A PICTURE of Huddersfield Cattle Market in 1945, in our All Our Yesterdays feature on November 30, caught the eye of reader Sam Hinchliffe.

The picture came from Laurie Stead, who kept it because it featured his uncle Granville Parkin, who was a farmer first at Pole Moor then at Birchencliffe.

He was also a butcher and had a shop at the bottom of King Street in the town centre.

Sam immediately spotted his father among the men gathered round a prize-winning bull.

“My dad, Charles Robert Hinchliffe, is the man in the heavy overcoat and the flat cap centrally behind the beast’s back,” he said.
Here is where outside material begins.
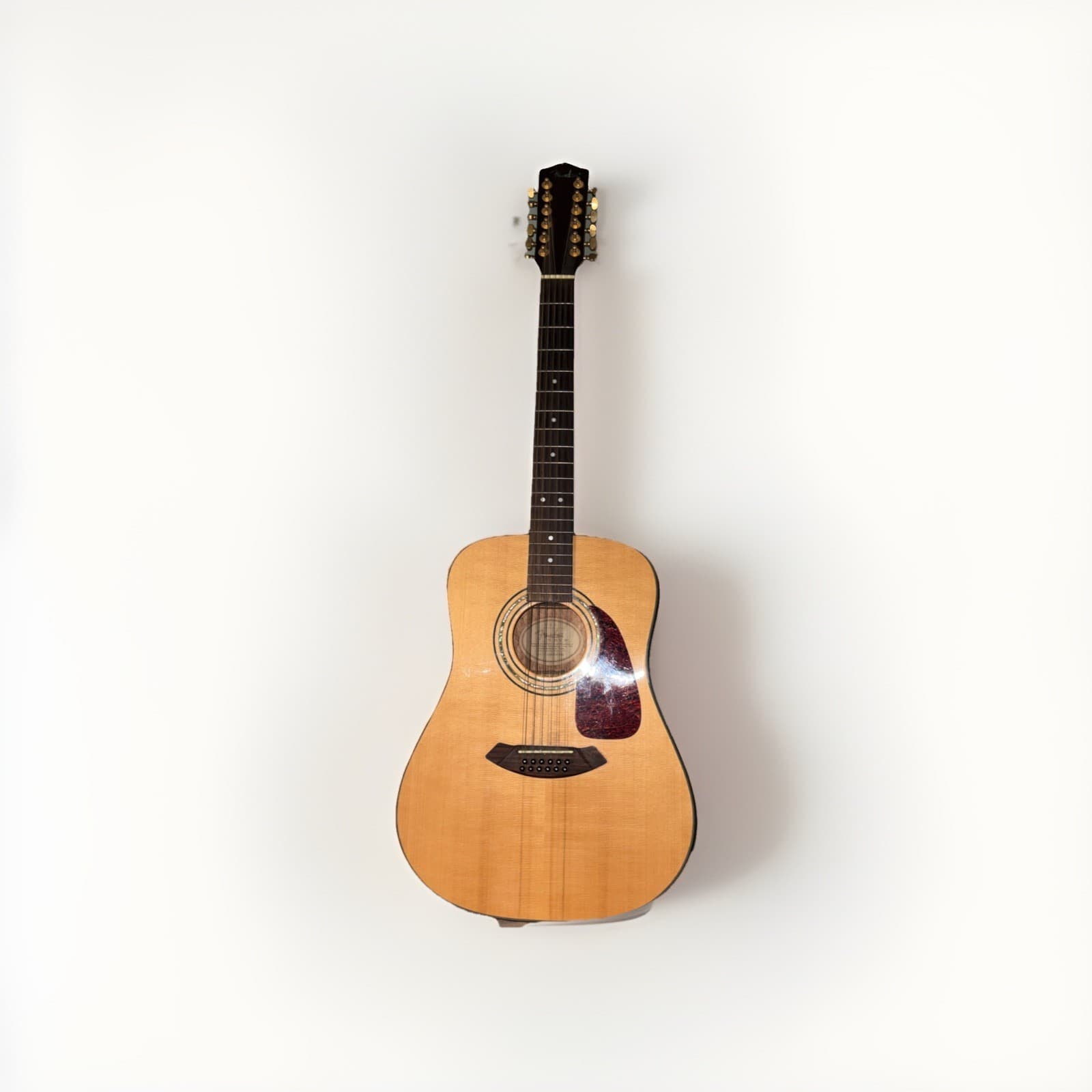 12 String Guitar Fender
“At the time he had a butcher’s shop at 7, Manchester Street, Huddersfield, which went on to become Hinchliffe's Farm Shop at Netherton.

“The man with the round face and flat cap to the right of my father had the job of moving the animals around the sale ring.

“Immediately to the left and behind Granville Parkin, with the hat and cigarette, is Mr B W (but known to all as Sonny) Coates, farmer and cattle dealer from Castle Hill.”

Sam recalls that other people in the meat, farming and butchery trades included Wilf Dyson, a butcher from Lindley, and Lewis Riley.

“1954 was the year when meat came off Government control after the war.

“Cattle, turkeys, pullets and cases of duck eggs were bought in Ireland, on Thursdays, and delivered by rail to the Hillhouse sidings,” said Sam.